Israeli Ambassador Ephraim Evron and Assistant Secretary of State for Middle East Affairs Harold Sounders signed the document at the State Department Friday. It makes a number of technical changes in the income Tax Agreement of Nov. 20, 1975, between the United States and Israel. That agreement was held up in the Senate, to which the State Department had submitted it as a treaty, and was not put into force pending rectifications of certain provisions. Negotiations were reopened in 1978 and consummated Friday with the signing of the protocol.

A State Department official told the Jewish Telegraphic, Agency that the “whole package–the original convention and the protocol–will be resubmitted to the Senate. We expect no problem for the treaty to be ratified, “he said.

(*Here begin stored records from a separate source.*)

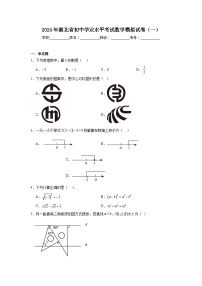 2024年湖北省初中学业水平考试数学模拟试卷（一）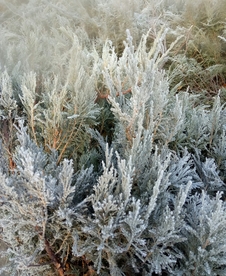 冬天冬季霜降树枝松树枝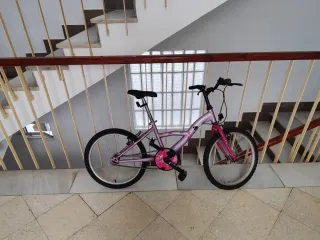 Bicicleta infantil morada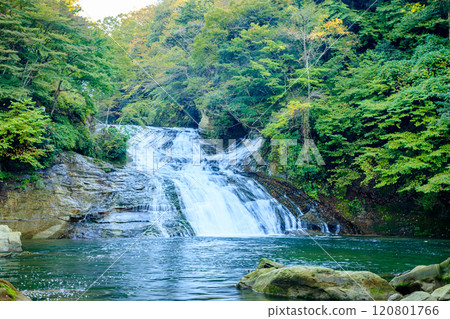 秋天的蒲又瀑布 千葉縣大瀧町 秋天的蒲又瀑布 千葉縣大瀧町 120801766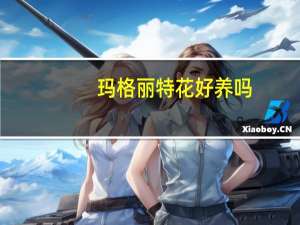 玛格丽特花好养吗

The U.S. Treasury Department issued the text of the agreement, which shows that one of the amendments “provides, subject to certain limitations, for the deductibility of contributions by residents of the United States or Israel to a qualifying charitable organization of the other country.”

Another amendment, a Treasury official told the JTA, provides that when a dividend is paid to a parent corporation in the U.S. by a subsidiary in Israel out of income which has benefitted from Israeli tax holiday provisions, the Israeli with-holding rate would be 15 percent instead of the 12-1/2 percent rate otherwise applicable to subsidiary dividends.